The pattern holds at scale. McKinsey's widely cited finding is that around 70% of change programs fall short of their goals, and when the causes are examined, the plan itself is rarely the problem. It is that people never understood the change well enough, in their own terms, to act on it. That is a communication gap, not a shortage of willing people.
Change is a communication job, not a compliance one
Bringing people through change is the work of making a decision understandable, credible and relevant to each audience that has to act on it. That is a communication discipline, owned by leadership, not a mandate handed to the org to comply with. A clear message from a trusted messenger moves people. An instruction from the wrong one moves paper.
That is the part that gets skipped, because agreeing on one honest sentence is harder than approving a plan. It means naming what is actually changing and what people stand to lose, not just what the business stands to gain. It is also the cheaper path, because every conversation after it builds on something people can repeat.
How to bring people with you
Start with the message, not the channels. Write the change as one sentence that says what is changing, why now, and what it means for the person hearing it. Then find the most trusted messenger for each audience, which is usually a manager or peer, not the most senior name. Equip them to say it in their own words, at the moment it actually touches the work.
When the message holds and the right people carry it, the change stops feeling like something done to people and starts being something they can do. Understanding comes first, trust follows, action follows that. The people were never the problem. The clarity was.
How do I know if it is resistance or confusion?
Ask people to explain the change back in their own words. If they cannot say what is changing, why, and what it means for their day, it is confusion, not resistance. Most apparent resistance is people protecting themselves against something they do not yet understand or trust. Clear it up and the resistance usually goes with it.
Why does more communication not seem to help?
Volume is not the same as clarity. Repeating an unclear message in more channels just spreads the confusion wider. What moves people is a single message they understand, delivered by someone they trust, at the moment it affects them. One clear sentence from the right person beats ten emails from the wrong one.
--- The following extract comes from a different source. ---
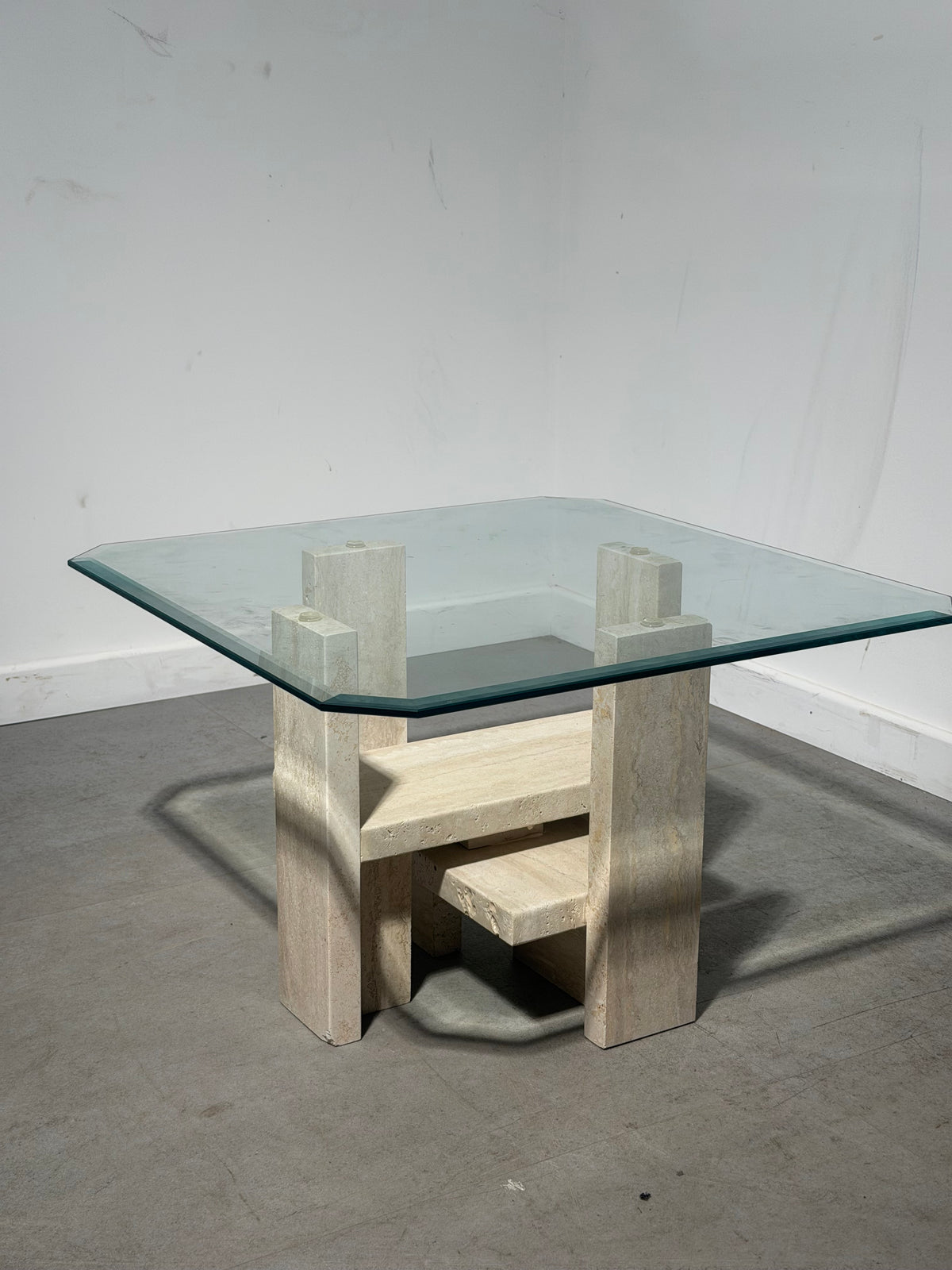 Willy Ballez Travertine & Glass Side Table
Who should deliver the message?
The most trusted messenger for each audience, which is rarely the most senior person in the room. People take their cue from the manager or peer closest to them, so the leaders who actually carry a change are often a layer or two down. Equip them to explain it in their own words rather than reading a script.
Where should we start?
Write the change as one sentence that says what is changing, why now, and what it means for the person hearing it. If leadership cannot agree on that sentence, the audience never will. Settle the message first, then choose the messengers and the moments to deliver it.
If the strategy is right but it is not moving, the conversation to have is about the message, not the people.